(EXTRACTED RECORDS)

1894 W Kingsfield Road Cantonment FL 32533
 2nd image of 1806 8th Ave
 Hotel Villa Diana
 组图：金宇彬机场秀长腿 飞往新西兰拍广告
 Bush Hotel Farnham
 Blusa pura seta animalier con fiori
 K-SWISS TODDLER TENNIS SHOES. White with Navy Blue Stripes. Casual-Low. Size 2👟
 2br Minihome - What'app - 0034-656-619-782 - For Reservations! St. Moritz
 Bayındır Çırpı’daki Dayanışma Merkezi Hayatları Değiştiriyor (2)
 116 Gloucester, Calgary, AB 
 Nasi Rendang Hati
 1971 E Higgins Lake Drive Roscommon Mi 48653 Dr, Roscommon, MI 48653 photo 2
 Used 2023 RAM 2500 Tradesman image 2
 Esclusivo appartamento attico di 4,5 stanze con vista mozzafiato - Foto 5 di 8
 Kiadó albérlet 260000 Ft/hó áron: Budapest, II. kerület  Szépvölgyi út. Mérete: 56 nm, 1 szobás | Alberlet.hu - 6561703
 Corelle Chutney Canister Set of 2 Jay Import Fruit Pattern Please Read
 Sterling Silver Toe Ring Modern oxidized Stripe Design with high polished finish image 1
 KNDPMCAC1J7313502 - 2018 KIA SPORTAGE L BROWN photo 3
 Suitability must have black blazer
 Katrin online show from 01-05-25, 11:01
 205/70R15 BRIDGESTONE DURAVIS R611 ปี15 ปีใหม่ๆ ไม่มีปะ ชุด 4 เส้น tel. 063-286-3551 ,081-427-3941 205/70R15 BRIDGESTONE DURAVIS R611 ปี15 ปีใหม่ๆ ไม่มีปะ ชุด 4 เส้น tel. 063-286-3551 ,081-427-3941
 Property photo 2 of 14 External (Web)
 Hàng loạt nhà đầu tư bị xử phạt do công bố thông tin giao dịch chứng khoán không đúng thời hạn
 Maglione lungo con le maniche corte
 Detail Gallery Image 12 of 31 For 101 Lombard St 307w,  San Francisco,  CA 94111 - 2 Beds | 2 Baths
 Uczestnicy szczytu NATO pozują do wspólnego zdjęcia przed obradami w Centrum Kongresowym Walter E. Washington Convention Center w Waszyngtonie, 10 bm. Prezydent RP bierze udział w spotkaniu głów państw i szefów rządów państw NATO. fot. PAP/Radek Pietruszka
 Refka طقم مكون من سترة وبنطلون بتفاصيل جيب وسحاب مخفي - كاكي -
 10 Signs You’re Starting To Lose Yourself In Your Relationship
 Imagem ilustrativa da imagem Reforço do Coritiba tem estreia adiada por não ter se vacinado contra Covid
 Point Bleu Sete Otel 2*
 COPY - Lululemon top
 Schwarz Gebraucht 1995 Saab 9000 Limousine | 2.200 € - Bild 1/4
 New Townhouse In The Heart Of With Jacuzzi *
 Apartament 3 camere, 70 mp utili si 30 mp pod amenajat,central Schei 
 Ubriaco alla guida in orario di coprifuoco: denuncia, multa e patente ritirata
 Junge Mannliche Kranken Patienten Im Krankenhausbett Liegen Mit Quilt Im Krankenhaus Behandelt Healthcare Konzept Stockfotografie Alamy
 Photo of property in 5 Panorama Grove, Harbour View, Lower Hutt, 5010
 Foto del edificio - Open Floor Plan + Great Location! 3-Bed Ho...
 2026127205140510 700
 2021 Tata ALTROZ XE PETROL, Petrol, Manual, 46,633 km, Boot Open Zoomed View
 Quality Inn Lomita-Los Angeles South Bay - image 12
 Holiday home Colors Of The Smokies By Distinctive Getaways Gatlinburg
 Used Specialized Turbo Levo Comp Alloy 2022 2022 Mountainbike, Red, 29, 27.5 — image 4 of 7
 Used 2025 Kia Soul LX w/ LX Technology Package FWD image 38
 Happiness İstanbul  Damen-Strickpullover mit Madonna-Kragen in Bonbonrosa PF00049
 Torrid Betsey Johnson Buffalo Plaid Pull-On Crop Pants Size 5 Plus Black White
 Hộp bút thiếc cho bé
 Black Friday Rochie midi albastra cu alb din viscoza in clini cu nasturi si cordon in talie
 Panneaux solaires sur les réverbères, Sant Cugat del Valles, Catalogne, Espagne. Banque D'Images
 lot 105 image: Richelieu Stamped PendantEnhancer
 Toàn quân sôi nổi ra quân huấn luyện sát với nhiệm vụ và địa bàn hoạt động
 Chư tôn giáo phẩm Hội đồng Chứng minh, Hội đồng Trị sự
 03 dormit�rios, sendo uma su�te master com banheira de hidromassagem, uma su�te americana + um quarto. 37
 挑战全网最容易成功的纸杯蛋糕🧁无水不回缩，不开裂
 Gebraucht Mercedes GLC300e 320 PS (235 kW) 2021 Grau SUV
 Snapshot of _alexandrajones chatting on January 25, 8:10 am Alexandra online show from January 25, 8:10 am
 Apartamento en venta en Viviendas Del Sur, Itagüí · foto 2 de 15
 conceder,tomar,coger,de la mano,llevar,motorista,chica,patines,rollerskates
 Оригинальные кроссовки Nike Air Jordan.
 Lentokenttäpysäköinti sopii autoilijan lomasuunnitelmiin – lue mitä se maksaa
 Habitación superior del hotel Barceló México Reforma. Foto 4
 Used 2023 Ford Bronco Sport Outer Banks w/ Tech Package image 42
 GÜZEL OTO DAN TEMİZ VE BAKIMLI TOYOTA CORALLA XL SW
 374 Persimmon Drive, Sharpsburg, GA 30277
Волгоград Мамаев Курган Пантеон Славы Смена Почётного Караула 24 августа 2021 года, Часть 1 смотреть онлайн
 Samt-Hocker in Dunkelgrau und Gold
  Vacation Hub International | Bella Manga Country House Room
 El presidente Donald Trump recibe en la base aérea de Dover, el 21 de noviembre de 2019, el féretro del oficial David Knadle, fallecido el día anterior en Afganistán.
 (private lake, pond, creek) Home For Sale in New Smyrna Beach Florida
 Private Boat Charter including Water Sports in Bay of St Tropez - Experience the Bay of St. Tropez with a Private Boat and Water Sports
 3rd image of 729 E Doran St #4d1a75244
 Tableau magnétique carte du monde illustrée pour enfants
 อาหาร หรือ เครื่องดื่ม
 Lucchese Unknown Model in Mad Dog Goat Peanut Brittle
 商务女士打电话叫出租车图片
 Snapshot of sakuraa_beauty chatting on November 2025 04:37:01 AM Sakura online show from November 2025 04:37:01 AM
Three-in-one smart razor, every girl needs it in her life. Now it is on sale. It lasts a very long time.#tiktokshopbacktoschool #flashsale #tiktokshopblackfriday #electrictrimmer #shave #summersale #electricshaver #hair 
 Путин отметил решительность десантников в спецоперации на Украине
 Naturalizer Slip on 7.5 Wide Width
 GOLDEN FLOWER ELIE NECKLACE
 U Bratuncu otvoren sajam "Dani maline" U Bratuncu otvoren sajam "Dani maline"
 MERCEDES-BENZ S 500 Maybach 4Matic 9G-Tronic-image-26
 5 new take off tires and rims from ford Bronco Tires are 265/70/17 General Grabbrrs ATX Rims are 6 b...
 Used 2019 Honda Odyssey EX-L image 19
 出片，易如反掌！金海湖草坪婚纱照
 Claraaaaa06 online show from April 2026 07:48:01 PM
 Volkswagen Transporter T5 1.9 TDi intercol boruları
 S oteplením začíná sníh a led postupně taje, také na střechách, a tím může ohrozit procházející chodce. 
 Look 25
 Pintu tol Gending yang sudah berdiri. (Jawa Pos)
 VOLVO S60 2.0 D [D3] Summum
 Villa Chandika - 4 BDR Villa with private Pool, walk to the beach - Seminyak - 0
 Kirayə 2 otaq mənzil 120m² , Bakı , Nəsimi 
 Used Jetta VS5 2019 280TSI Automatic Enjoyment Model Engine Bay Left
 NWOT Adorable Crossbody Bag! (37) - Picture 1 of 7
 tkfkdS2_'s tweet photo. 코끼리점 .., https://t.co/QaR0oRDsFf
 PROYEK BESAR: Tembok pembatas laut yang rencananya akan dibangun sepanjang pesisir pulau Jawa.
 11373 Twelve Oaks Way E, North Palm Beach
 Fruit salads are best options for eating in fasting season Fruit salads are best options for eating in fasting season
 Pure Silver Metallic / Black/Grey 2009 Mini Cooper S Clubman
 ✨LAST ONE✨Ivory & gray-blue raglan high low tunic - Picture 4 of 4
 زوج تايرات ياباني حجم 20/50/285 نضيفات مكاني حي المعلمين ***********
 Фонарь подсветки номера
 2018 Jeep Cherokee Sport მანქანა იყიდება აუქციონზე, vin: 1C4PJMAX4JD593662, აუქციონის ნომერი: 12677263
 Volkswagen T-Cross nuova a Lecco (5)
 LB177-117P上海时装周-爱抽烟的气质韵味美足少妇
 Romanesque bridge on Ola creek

(End EXTRACTED RECORDS)

• **WHAT NEEDS TO BE DONE**
Would you please repeat exactly the lines above, starting at the line with "Used 2023 RAM 2500 Tradesman image 2" and stopping at the line with "Detail Gallery Image", both included?

• **OUTPUT FOR THIS TASK**
 Used 2023 RAM 2500 Tradesman image 2
 Esclusivo appartamento attico di 4,5 stanze con vista mozzafiato - Foto 5 di 8
 Kiadó albérlet 260000 Ft/hó áron: Budapest, II. kerület  Szépvölgyi út. Mérete: 56 nm, 1 szobás | Alberlet.hu - 6561703
 Corelle Chutney Canister Set of 2 Jay Import Fruit Pattern Please Read
 Sterling Silver Toe Ring Modern oxidized Stripe Design with high polished finish image 1
 KNDPMCAC1J7313502 - 2018 KIA SPORTAGE L BROWN photo 3
 Suitability must have black blazer
 Katrin online show from 01-05-25, 11:01
 205/70R15 BRIDGESTONE DURAVIS R611 ปี15 ปีใหม่ๆ ไม่มีปะ ชุด 4 เส้น tel. 063-286-3551 ,081-427-3941 205/70R15 BRIDGESTONE DURAVIS R611 ปี15 ปีใหม่ๆ ไม่มีปะ ชุด 4 เส้น tel. 063-286-3551 ,081-427-3941
 Property photo 2 of 14 External (Web)
 Hàng loạt nhà đầu tư bị xử phạt do công bố thông tin giao dịch chứng khoán không đúng thời hạn
 Maglione lungo con le maniche corte
 Detail Gallery Image 12 of 31 For 101 Lombard St 307w,  San Francisco,  CA 94111 - 2 Beds | 2 Baths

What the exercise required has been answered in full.